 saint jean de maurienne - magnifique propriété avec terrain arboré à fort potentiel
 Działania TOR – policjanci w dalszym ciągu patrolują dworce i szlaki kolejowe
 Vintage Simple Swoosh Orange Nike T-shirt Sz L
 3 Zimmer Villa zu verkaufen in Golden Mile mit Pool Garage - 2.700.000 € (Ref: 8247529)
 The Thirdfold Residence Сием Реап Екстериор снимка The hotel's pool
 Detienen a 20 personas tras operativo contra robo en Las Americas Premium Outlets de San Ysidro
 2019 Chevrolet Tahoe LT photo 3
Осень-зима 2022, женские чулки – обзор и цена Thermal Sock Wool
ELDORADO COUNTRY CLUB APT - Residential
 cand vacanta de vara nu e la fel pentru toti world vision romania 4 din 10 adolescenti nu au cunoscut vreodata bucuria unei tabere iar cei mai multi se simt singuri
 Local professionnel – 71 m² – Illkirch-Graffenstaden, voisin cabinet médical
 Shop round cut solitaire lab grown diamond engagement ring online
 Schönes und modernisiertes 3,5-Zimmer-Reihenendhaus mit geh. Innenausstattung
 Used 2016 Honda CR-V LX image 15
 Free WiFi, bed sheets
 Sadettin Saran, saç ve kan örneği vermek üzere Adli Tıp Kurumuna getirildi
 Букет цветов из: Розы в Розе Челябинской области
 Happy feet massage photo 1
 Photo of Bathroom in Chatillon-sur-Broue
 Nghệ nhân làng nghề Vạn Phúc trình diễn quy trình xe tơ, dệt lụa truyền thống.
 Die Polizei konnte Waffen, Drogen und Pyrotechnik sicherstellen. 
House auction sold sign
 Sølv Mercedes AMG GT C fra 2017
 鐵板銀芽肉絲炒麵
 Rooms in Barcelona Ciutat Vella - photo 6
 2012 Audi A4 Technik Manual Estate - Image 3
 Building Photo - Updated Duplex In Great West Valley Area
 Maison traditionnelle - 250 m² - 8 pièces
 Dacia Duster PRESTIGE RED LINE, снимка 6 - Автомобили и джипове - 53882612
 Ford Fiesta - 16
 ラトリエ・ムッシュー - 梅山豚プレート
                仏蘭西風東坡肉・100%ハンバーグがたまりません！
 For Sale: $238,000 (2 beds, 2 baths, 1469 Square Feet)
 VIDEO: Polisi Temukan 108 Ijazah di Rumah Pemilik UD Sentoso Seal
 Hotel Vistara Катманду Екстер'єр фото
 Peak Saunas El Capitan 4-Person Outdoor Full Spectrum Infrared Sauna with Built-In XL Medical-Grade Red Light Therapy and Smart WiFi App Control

= = =

> [EXERCISE PROMPT]: From the listing above, copy out each line where the word "WiFi" appears.

> [ANSWER TO THE PROBLEM]:
 Free WiFi, bed sheets
 Peak Saunas El Capitan 4-Person Outdoor Full Spectrum Infrared Sauna with Built-In XL Medical-Grade Red Light Therapy and Smart WiFi App Control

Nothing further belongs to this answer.